──────── Data for this exercise
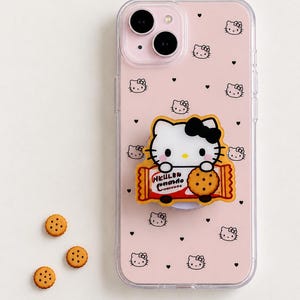 以下が含まれることがあります： ハローキティのデザインが施されたピンク色の携帯電話ケース。キャラクターがクッキーを持っています。ケースは透明な縁取りで、ハローキティの顔と小さな黒いハートで飾られています。3つの小さくて丸いクッキーが近くに散らばっています。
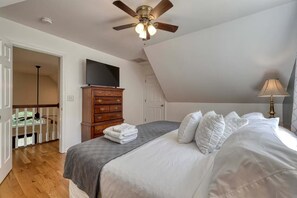 A bedroom with a bed, a dresser, a ceiling fan, and a television. - Cozy 3-bedroom entire home near wineries & waterfalls in Dahlonega, GA (Dahlonega)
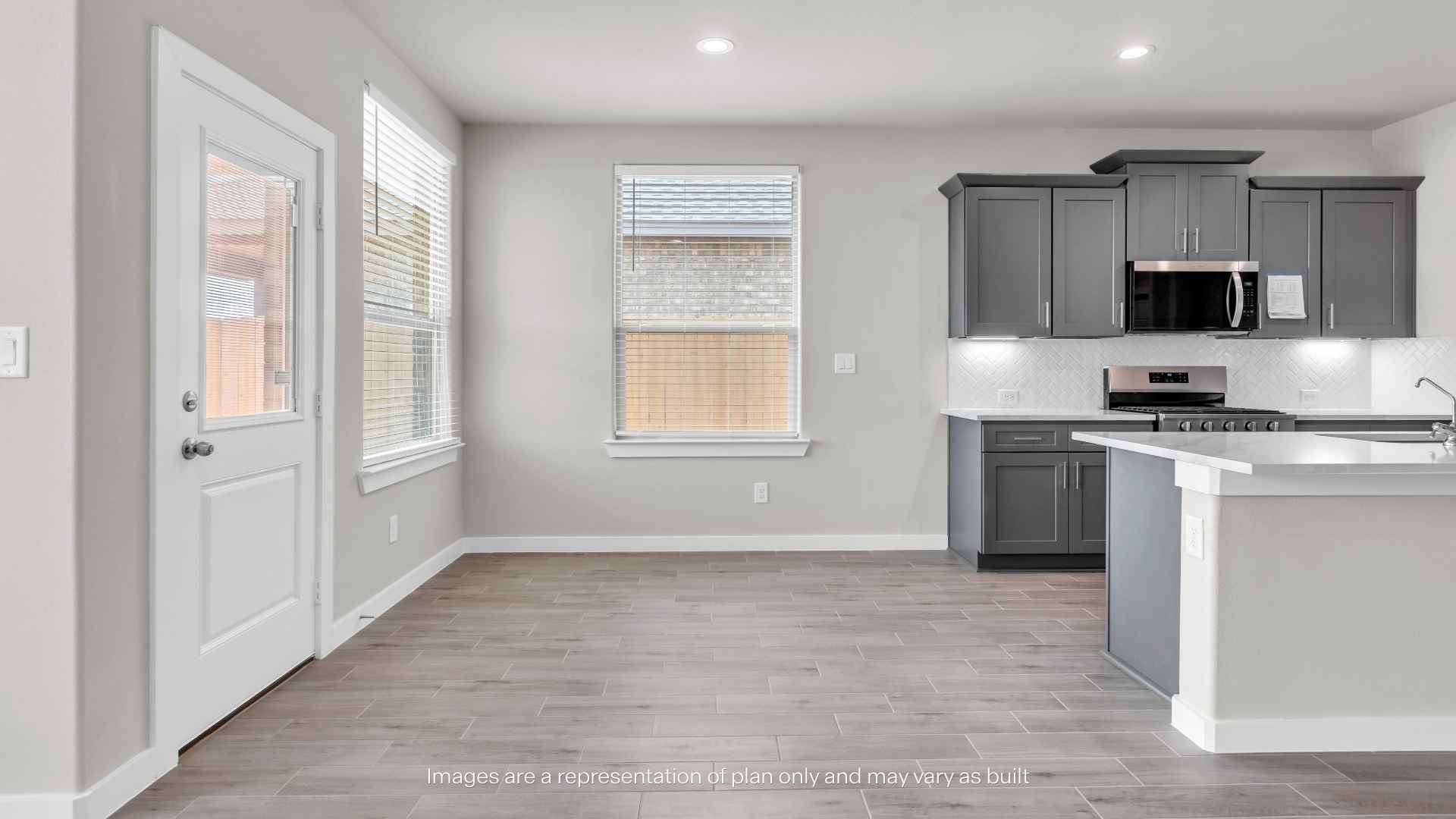 Open dining and kitchen area featuring wood-look tile flooring, gray shaker cabinets, white countertops, recessed lighting, a breakfast bar, and patio access through a glass-paneled door.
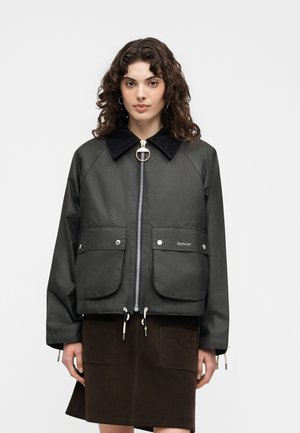 Göndör hajú nő fekete cipzáros dzsekit nagy első zsebekkel és sötétbarna szoknyát visel, tiszta világos háttér előtt áll.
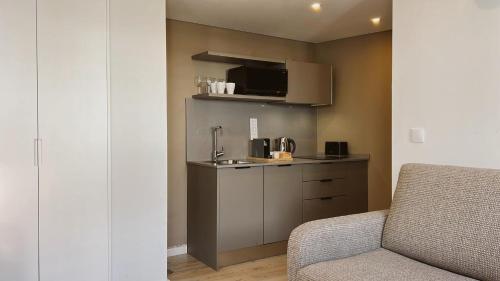 a living room with a couch and a kitchen at Lisbon Oriente Suites by Olala Homes in Lisbon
────────────────
Restate it all word for word: every record, no pictures.

 以下が含まれることがあります： ハローキティのデザインが施されたピンク色の携帯電話ケース。キャラクターがクッキーを持っています。ケースは透明な縁取りで、ハローキティの顔と小さな黒いハートで飾られています。3つの小さくて丸いクッキーが近くに散らばっています。
 A bedroom with a bed, a dresser, a ceiling fan, and a television. - Cozy 3-bedroom entire home near wineries & waterfalls in Dahlonega, GA (Dahlonega)
 Open dining and kitchen area featuring wood-look tile flooring, gray shaker cabinets, white countertops, recessed lighting, a breakfast bar, and patio access through a glass-paneled door.
 Göndör hajú nő fekete cipzáros dzsekit nagy első zsebekkel és sötétbarna szoknyát visel, tiszta világos háttér előtt áll.
 a living room with a couch and a kitchen at Lisbon Oriente Suites by Olala Homes in Lisbon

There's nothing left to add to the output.